Saul Steier, chair of the humanities department at San Francisco State, said he’s worried about the future of liberal arts if classes continue to be cut and middle-class students are priced out. He said courses in English, history and philosophy teach young adults critical thinking, which is essential to being a good citizen.
“We’re telling these kids that the only goal of education is business,” he said.
Making money wasn’t the first thing on Jeanie Kirk’s mind when she signed for a $70,000 loan to get a master’s degree in climate and society from Columbia University. She said students like her seek liberal arts degrees because they want to devote themselves to helping people and solving global problems.
“A lot of us are trying to do things that are going to have a positive impact on the world,” Kirk said.
Pell Grants used to be a low-income student’s ticket to an affordable college education, but now tuition hikes are pushing more and more recipients into heavy debt.
Another consequence of soaring college costs is the reduction in value of the Pell Grant, the nation’s largest financial-aid program for low-income students. Because the maximum award a student can receive under the Pell Grant program is $5,550, as tuitions rise recipients are borrowing more to fill the gap.
“Low- and moderate-income students are increasingly being priced out of a college education,” said Mark Kantrowitz, founder of the student loan advice website FinAid.org.
In the 1970s, maximum Pell Grants covered almost 75 percent of the cost of attending a four-year public college.

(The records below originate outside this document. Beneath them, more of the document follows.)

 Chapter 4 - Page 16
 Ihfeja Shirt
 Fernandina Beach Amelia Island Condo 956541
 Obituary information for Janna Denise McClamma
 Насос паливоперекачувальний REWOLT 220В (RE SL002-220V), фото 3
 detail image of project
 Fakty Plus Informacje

Now they account for only one-third, a number that will only drop further if recent trends continue.
Two years ago, the Pell Grant program received a short-term boost in President Barack Obama’s $787 billion stimulus package. But it took a $4 billion cut in last spring’s budget showdown and legislation currently being debated in the House Appropriations Committee could potentially reduce funding by another $44 billion over the next 10 years.
“These changes to Pell Grant funding would mean that fewer people would be eligible and those who are eligible would be at risk of receiving lower grants,” said Lauren Asher, president of the Institute for College Access and Success.

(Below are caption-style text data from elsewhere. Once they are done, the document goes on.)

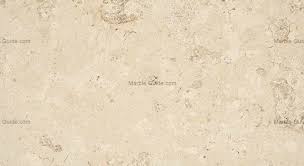 Here we have a simple, yet elegant hand carved limestone wall fountain from france. Crema Luna French Limestone Marble Guide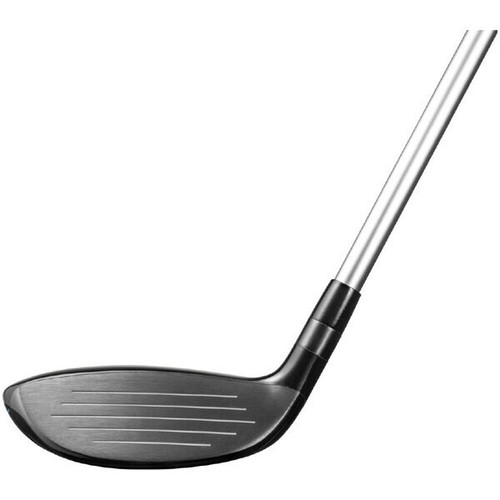 Mizuno Golf ST-X 220 Utility Hybrid Club 4H Tour AD GM U Graphite Shaft Flex S - Picture 4 of 10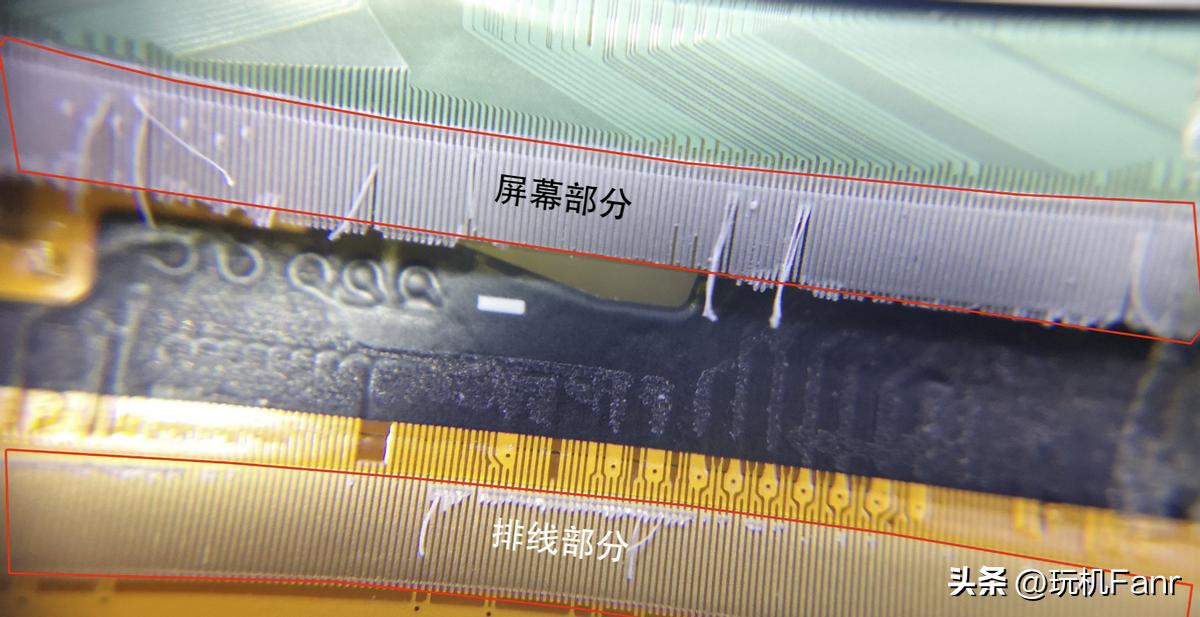 oled和三星oled屏幕哪种好,苹果更换三星oled屏怎么样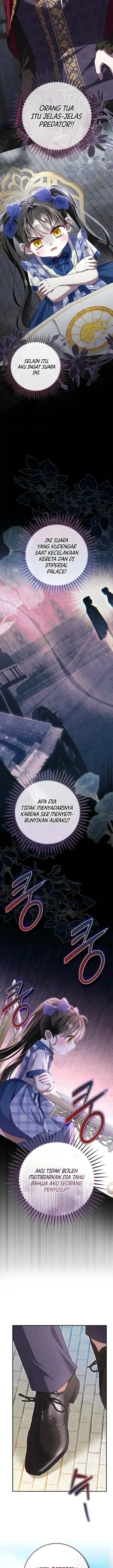 image-komik-i-live-with-my-villain-uncle-chapter-44-10/21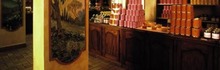 Confiserie Florian Des Gorges Du Loup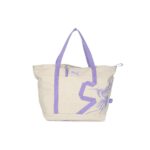 Core Beach Beige Bag Handbag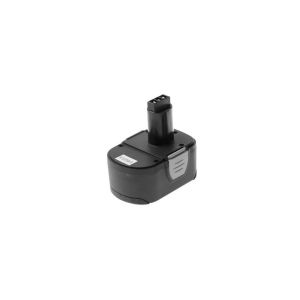 Замена элементов в аккумуляторе Интерскол 75.02.03.00.0 14.4V 2500mah Li-ion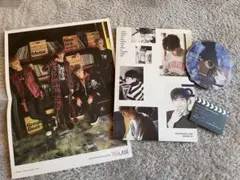 user_96f68914様 リクエスト 3点 まとめ商品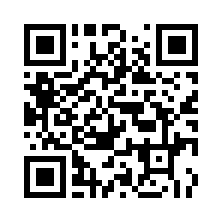 QR Code for 3MX3CefHw3oECst7ApHwwsSXCVdzb2hP2k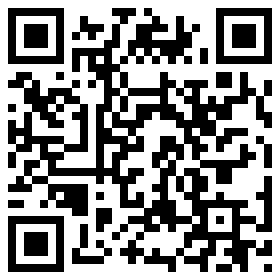 qrcode für Kathrein 120dB Black Drum Coaxial Cable Fca 11 0mm PE - LCM 96/500m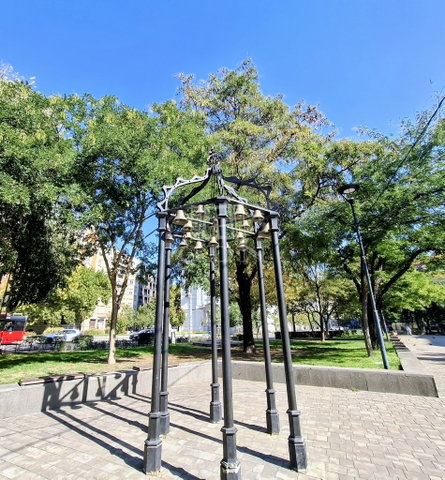 Eladó téglalakás, Budapesten, VIII. kerületben 46.9 M Ft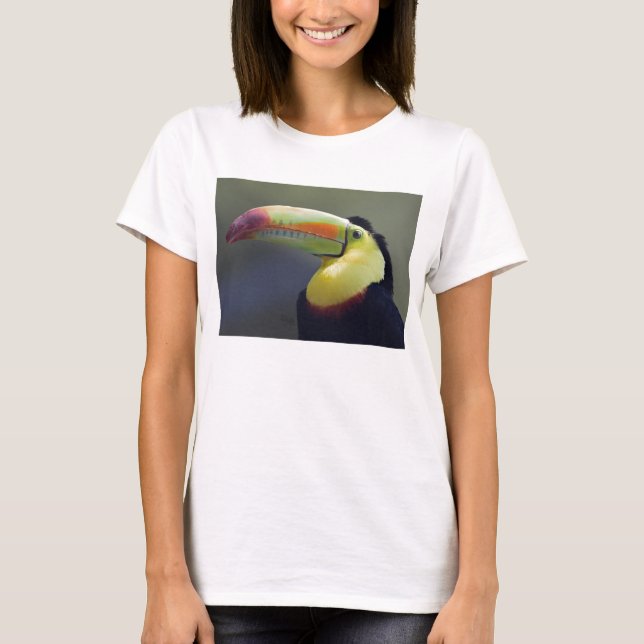 Camiseta Señor Tuco Tee (Anverso)
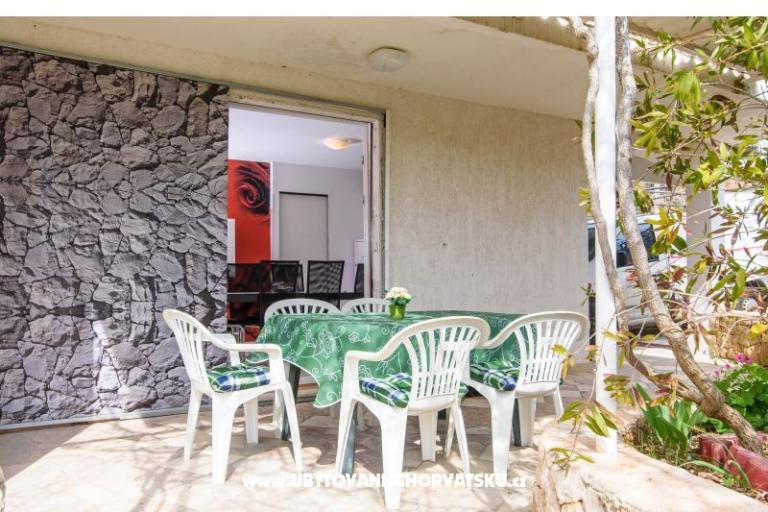 Apartman Belvedere – foto 17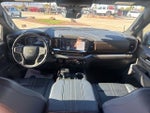 2023 Silverado 1500 Thumbnail 12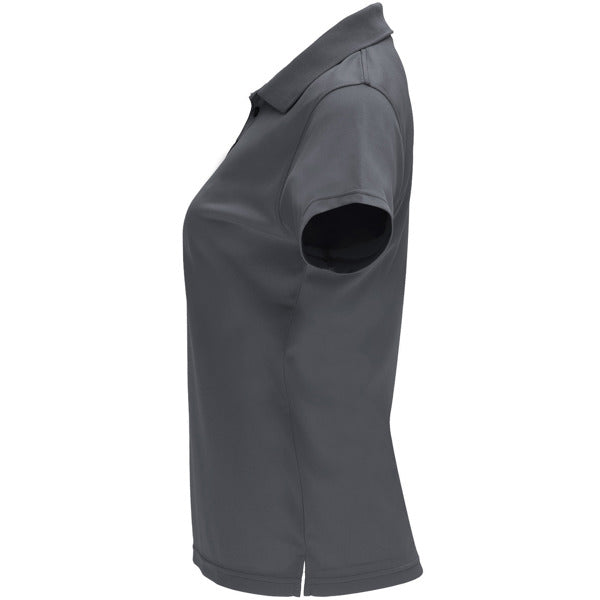 POLO MONZHA WOMAN T/S BLANCO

Asher said the proposed cuts would be especially crippling for low-income students because Pell recipients already borrow more than the average student. The awards are of particular importance to minority students, she said, with nearly half of all black undergraduates and roughly 40 percent of Hispanic undergraduates receiving them.

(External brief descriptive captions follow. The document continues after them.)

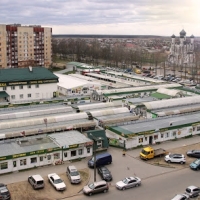 Магазин "Эверест"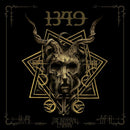 Thirteen Forty-nine - Infernal pathway (CD) - Discords.nl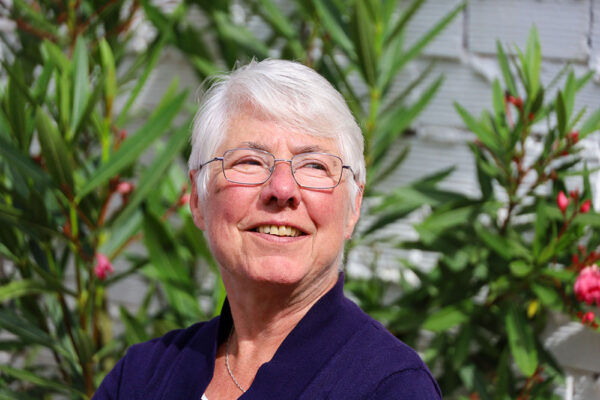 EINerja-Club-50+-2025-(16)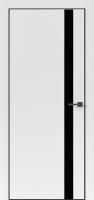 Дверь межкомнатная Тамбурат Лайт (Tamburat Light) 4204 покрытие полипропилен supermatt
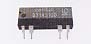 昕辰先鋒  DIP封裝的干簧繼電器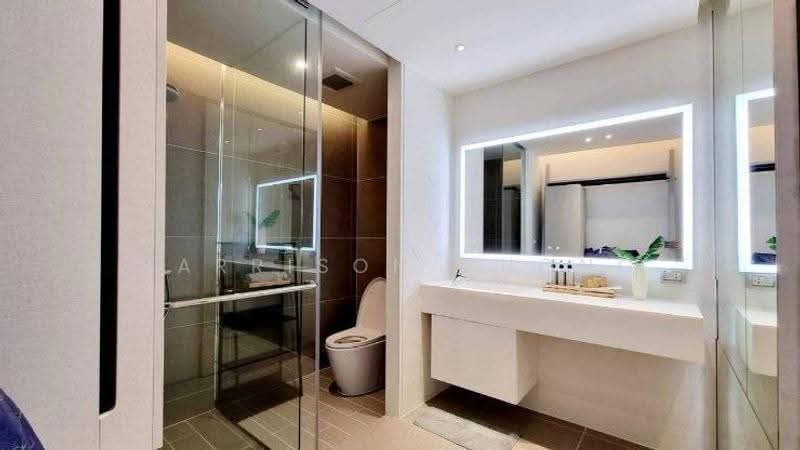Veranda Residence Hua Hin, Prachuap Khiri Khan, Veranda Residence, Nong Kae, Hua Hin, Prachuap Khiri Khan, 1 Bedroom, 43 sqm, Condo For Sale, by Harrison Chong, 500548937 - DDproperty.com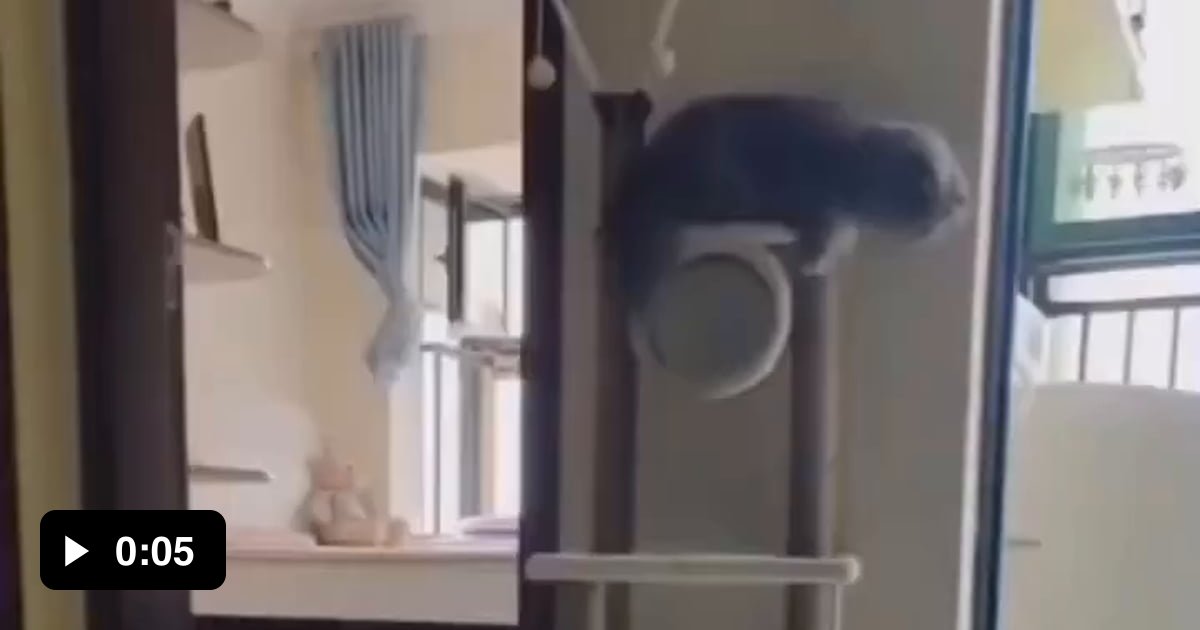 My planet needs me!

“Cuts could deter these students from going to college at all,” she said.
Robin Powers knows just how unaffordable college can be even with the support of a maximum Pell Grant. On her own by the time she was 16 years old, Powers considers herself self-sufficient, having put herself through college at UC Santa Barbara. But tuition increased from roughly $6,500 a year to almost $9,000 by the time she graduated in 2010, so she took out more and more loans to make ends meet. Now, she’s stuck with $45,000 of student debt and a temp job that pays $13 an hour.
“I was under the impression that if I did the right things I could make something of myself,” she said. “What I got instead was a whole lot of debt.”